## Aim of the exercise
Please, without the pictures, restate every entry exactly.

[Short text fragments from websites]
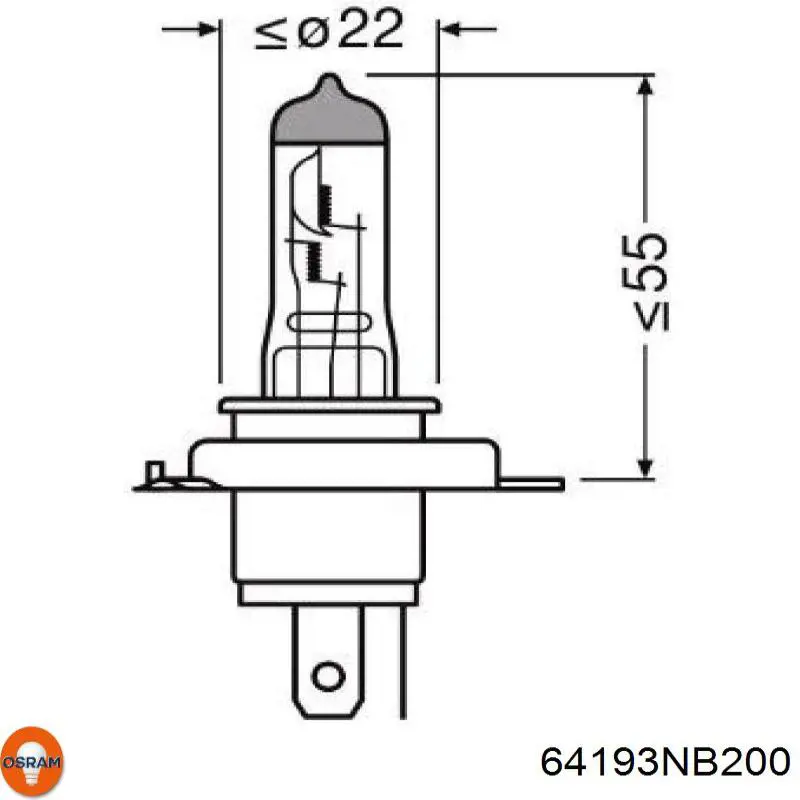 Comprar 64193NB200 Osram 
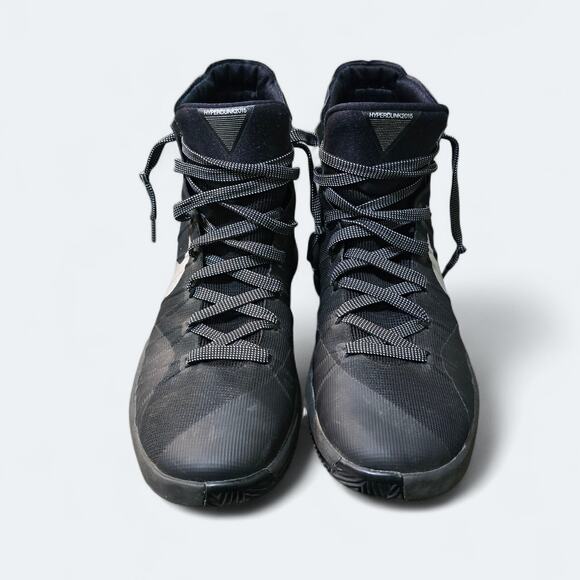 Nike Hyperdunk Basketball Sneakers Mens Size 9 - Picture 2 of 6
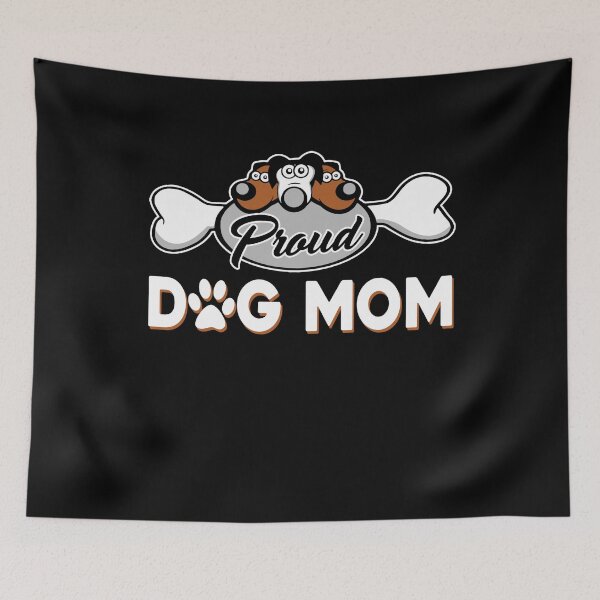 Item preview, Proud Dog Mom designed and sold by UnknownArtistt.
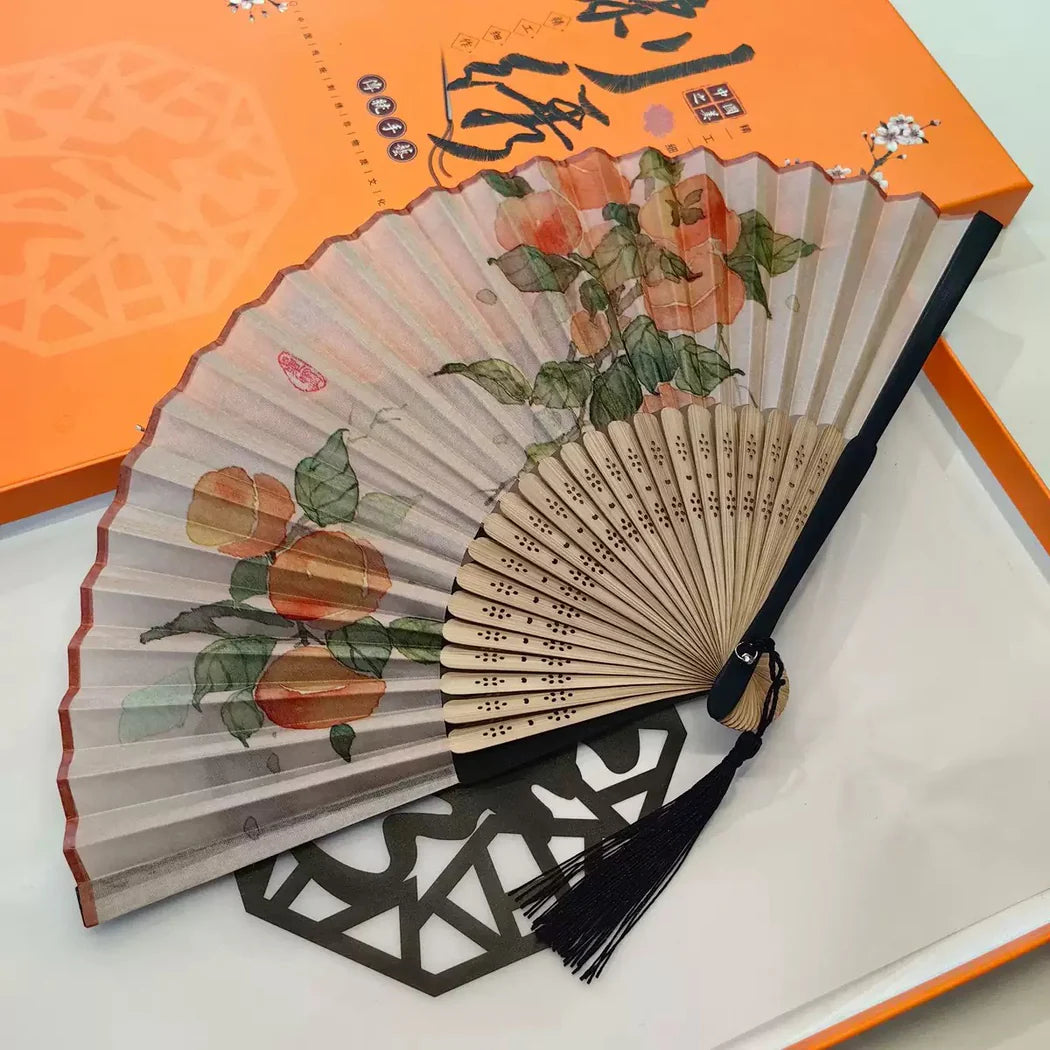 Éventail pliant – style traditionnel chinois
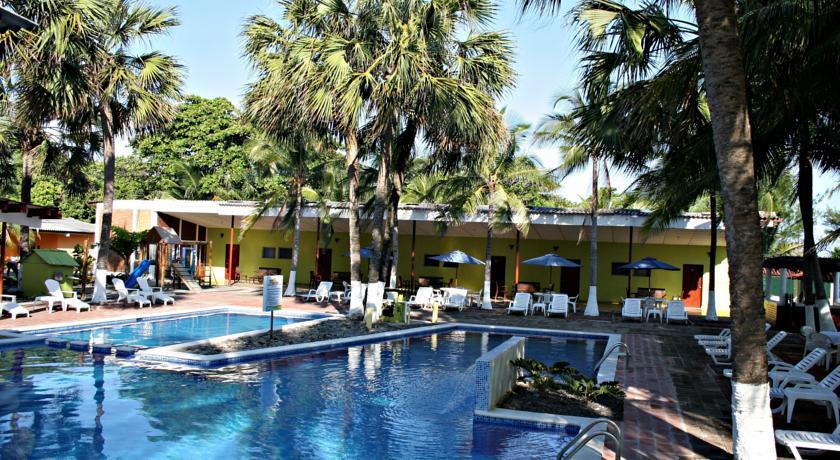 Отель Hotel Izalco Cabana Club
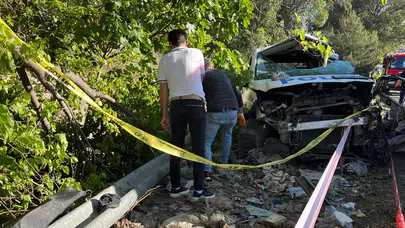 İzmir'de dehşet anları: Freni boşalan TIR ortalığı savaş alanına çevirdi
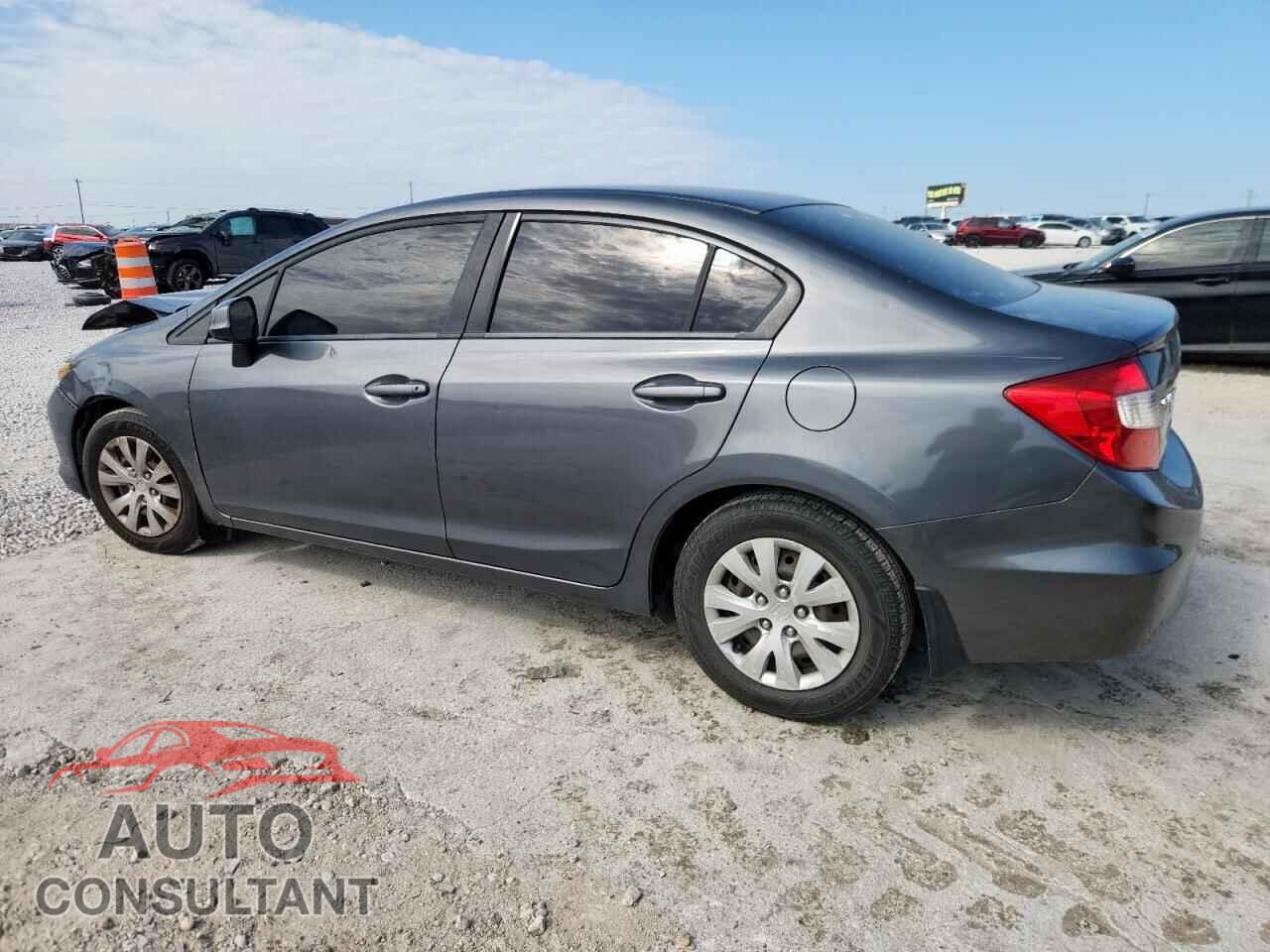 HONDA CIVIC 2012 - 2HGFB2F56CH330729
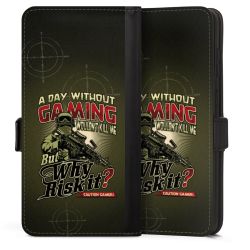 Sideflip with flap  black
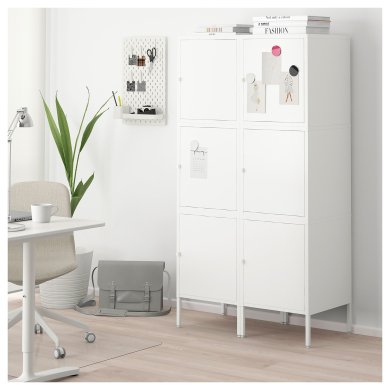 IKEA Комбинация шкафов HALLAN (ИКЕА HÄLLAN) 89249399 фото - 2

## Task answer
 Comprar 64193NB200 Osram 
 Nike Hyperdunk Basketball Sneakers Mens Size 9 - Picture 2 of 6
 Item preview, Proud Dog Mom designed and sold by UnknownArtistt.
 Éventail pliant – style traditionnel chinois
 Отель Hotel Izalco Cabana Club
 İzmir'de dehşet anları: Freni boşalan TIR ortalığı savaş alanına çevirdi
 HONDA CIVIC 2012 - 2HGFB2F56CH330729
 Sideflip with flap  black
 IKEA Комбинация шкафов HALLAN (ИКЕА HÄLLAN) 89249399 фото - 2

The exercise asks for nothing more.